Maryam Braun was driving to work on the afternoon of Valentine's Day when police cars and fire trucks sped past. The co-founder of Evolution Martial Arts, a Parkland, Florida, karate school, would soon learn that more than 20 of her customers were under lockdown at the local high school, where a shooter had opened fire and slaughtered several students.
"Parkland is a small community," Braun tells me. "The victims are people that I know, families that walk by my school. Right now, we're all in shock." She adds that, fortunately, none of her own students were injured in the attack.
Many others weren't so lucky. As of Thursday afternoon, as many as 17 people were killed in a mass shooting at Marjory Stoneman Douglas High School--the most deadly such incident since 2012, when 20 students and six adults were killed at Sandy Hook elementary school in Newtown, Connecticut. Authorities have identified the Parkland gunman as Nikolas Cruz, 19, a former student at the school with a history of abnormal behavior, and ties to an alt-right white supremacist group.
In the immediate aftermath, more than a dozen local businesses are reeling from the events, and trying to find meaningful ways to support the community. For Evolution Martial Arts, that means business as usual. "Everything is running as usual, and I think that's important," says Braun. "The kids need to get back to their routine and have some sort of normal. Parents right now are struggling to figure out what to do with themselves." The company, which she launched with her husband in Parkland 14 years ago, generates around $250,000 in annual revenue, serving around 200 people.
Andrew Shultz, the founder of a local dance studio called Next Level Performing Arts, takes a similar approach. Although Shultz canceled classes on the afternoon of the shooting and Thursday, he says that he'll be open for business on Friday. "We are going to a dance competition this weekend, so we have to practice," he says. "It sounds trivial, but these kids have been working since August, and I think that just canceling everything could make the situation worse."
Shultz is concerned, however, about the future of his six-person firm, and the Parkland business climate more generally. Parkland is an affluent suburb of Fort Lauderdale. "When something like this happens--when you hear the word 'Columbine'--people freak out," says the entrepreneur, referring to the 1999 shooting at Columbine High School in Colorado, in which 12 students and a teacher were murdered. "I'm absolutely concerned about losing business. Now people will be frightened to be here."
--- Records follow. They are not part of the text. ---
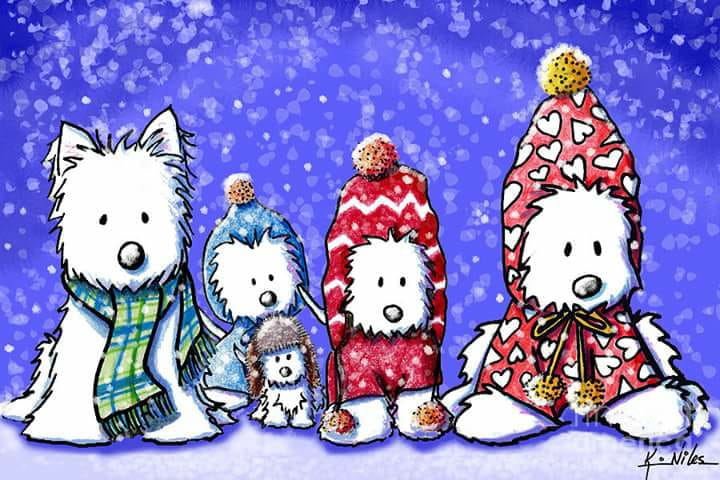 Sunday Conversation Club 14 December 2025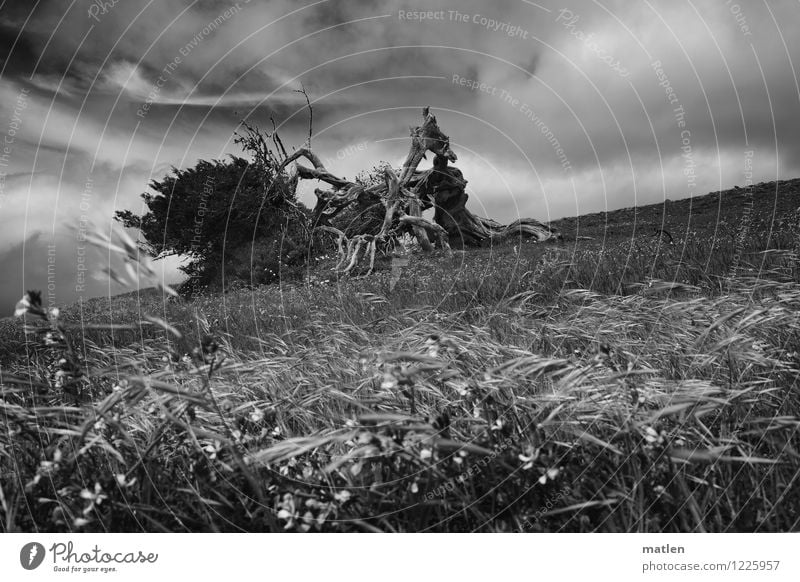 bride of the wind Landscape Plant Sky Clouds Horizon Weather Gale Tree Grass Bushes Wild plant Meadow Hill Natural Black White Wind Dynamics Blow Wind cripple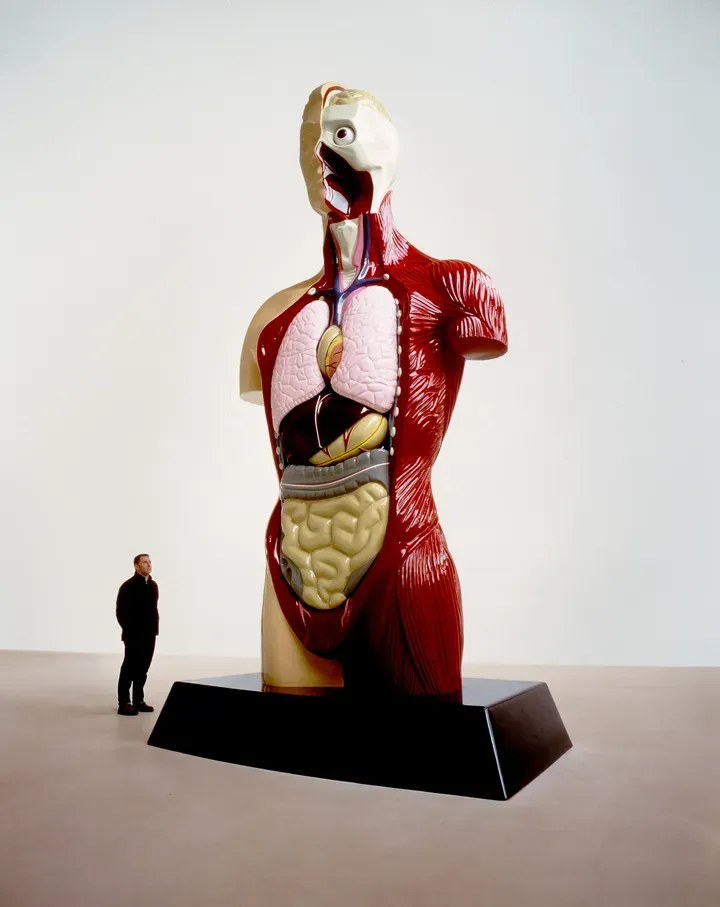 Damien Hirst, Hymn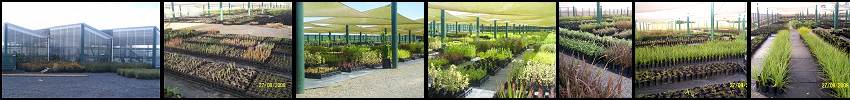 Waimarie Nurseries - Waimarie project - 7km of riparian planting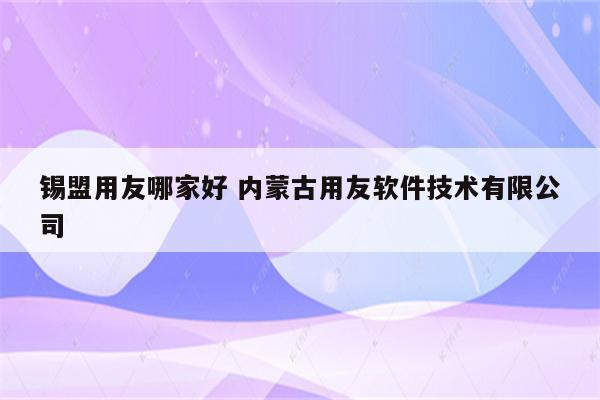 锡盟用友哪家好 内蒙古用友软件技术有限公司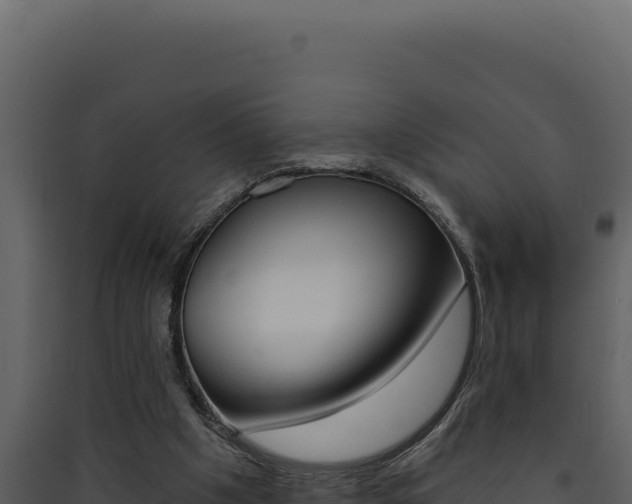 X0000090440201200707131038
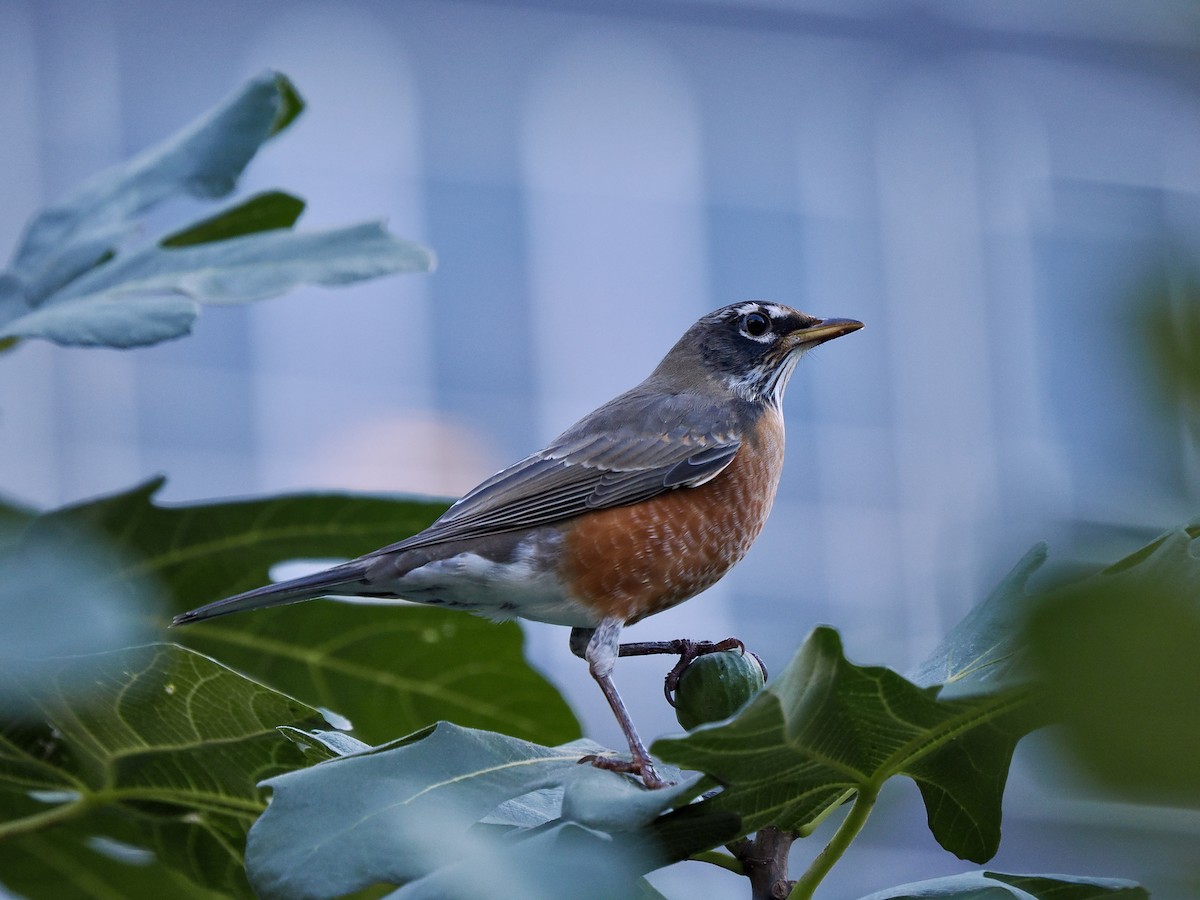 American Robin - ML624719816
To his point, Orlando saw fewer hotel occupancies in the months after the 2016 Pulse nightclub shooting, according to the industry tracker STR, though overall visitation to the city was higher than in 2015. Given the economic effect of past shootings, it is fair to say that short-term losses are likely in Parkland. Whether the tragedy will hit businesses in the long term is still unknown.
Other business owners are supporting the community in more subtle ways. Janna Drucker, the founder of a Parkland boutique called Fannies Finds, has a tradition of slipping small trinkets emblazoned with motivational quotes into customers' bags when she senses they're having a hard time. The way she explains it, in a phone call with Inc.: "I can feel when people are hurting." Drucker plans to do this with dozens of customers in the coming days, as the community grieves the loss of its students, peers, and colleagues. "When you're a business owner, you really get to know the residents," Drucker adds. "My role is to provide whatever comfort I can, even if it's small."
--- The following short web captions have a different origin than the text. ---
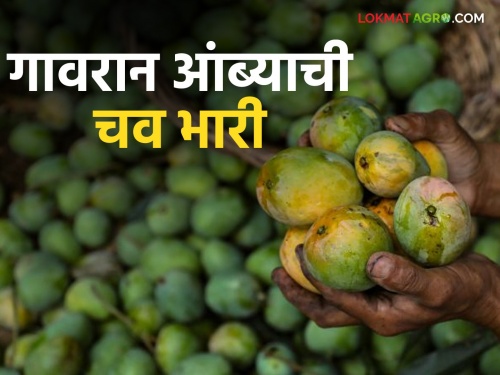 Different types of mangoes are available in different markets of the state | एकापेक्षा एक सरस आंब्याची राज्याच्या विवीध बाजारात धूम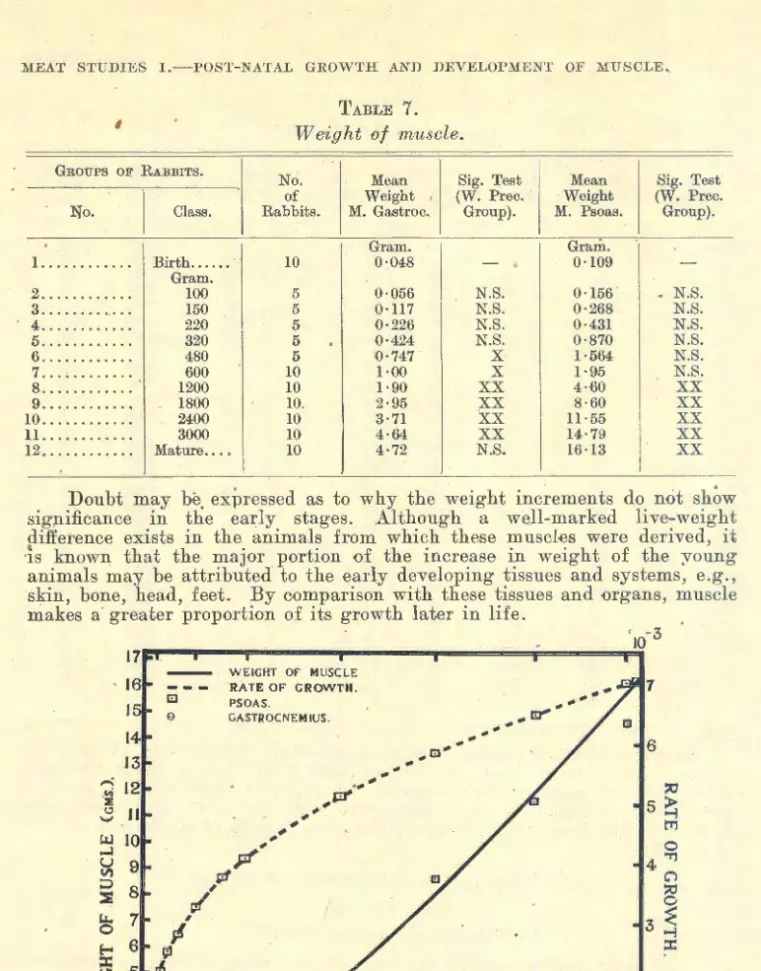 Fig.  6.-Weight of  muscle . 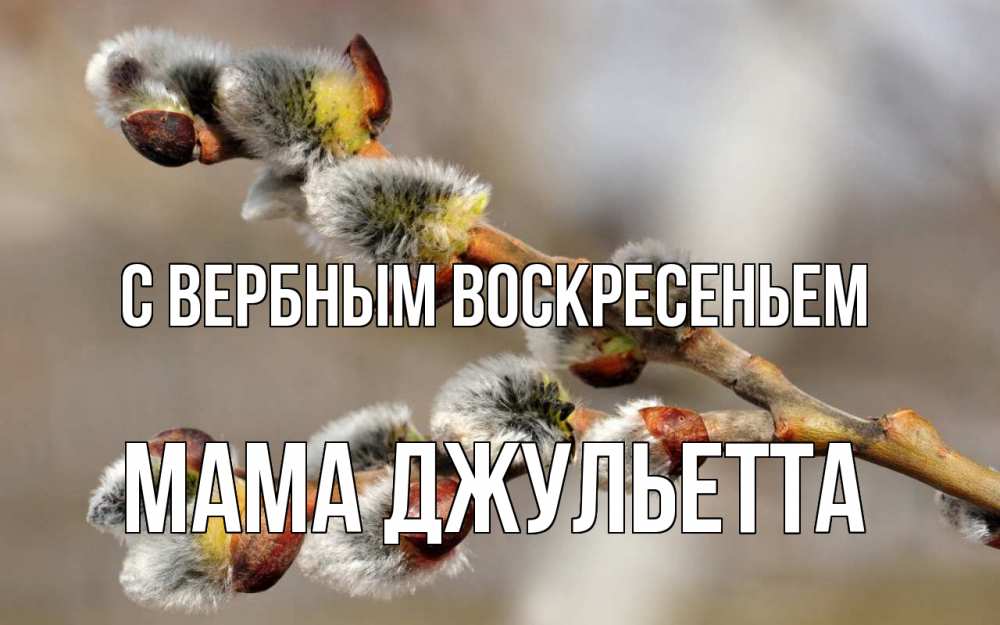Открытка на каждый день с именем, Мама-Джульетта С вербным воскресеньем Верба Прикольная открытка с пожеланием онлайн скачать бесплатно 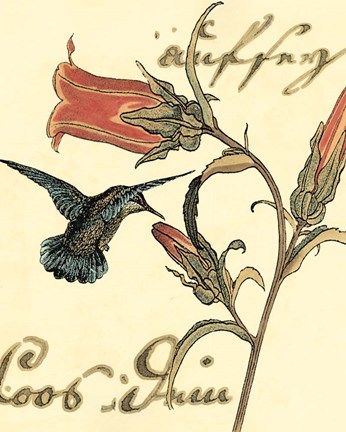 Framed Small Hummingbird Reverie III Print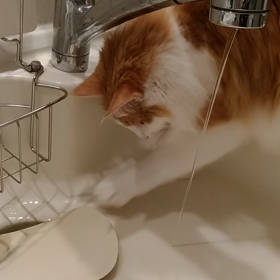 水遊びの画像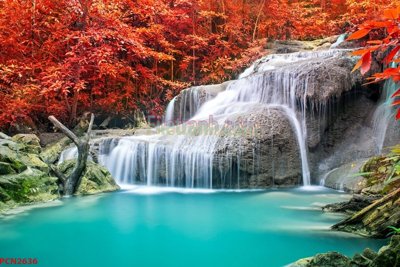 Tải file gốc File tranh phong cảnh thiên nhiên PCN2636 (in tráng gương) cao cấpFile gốc File tranh phong cảnh thiên nhiên PCN2636 (in ấn) phiên bản độc quyền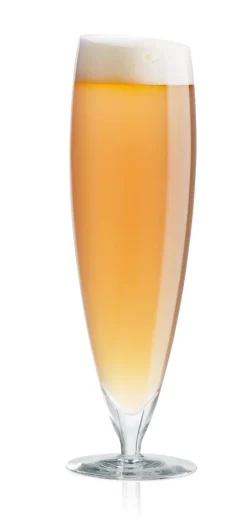 Eva Solo Bierglas Large (2-delig) Hot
Emotions ran high on Thursday, with reactions ranging from fear to sadness and even fury. Indeed, some see such a tragedy as preventable with more legislation that regulates gun ownership. "Of course I'm frustrated. I teach self-defense," Braun, the martial arts entrepreneur, tells me. "I can teach and teach and teach, but nothing can compare to a weapon of that force."
She lets out a long, tortured exhale. "In this day and age, this is the new normal," Braun continues. "I talk to my 4-year-olds about looking for exits and finding things to hide under."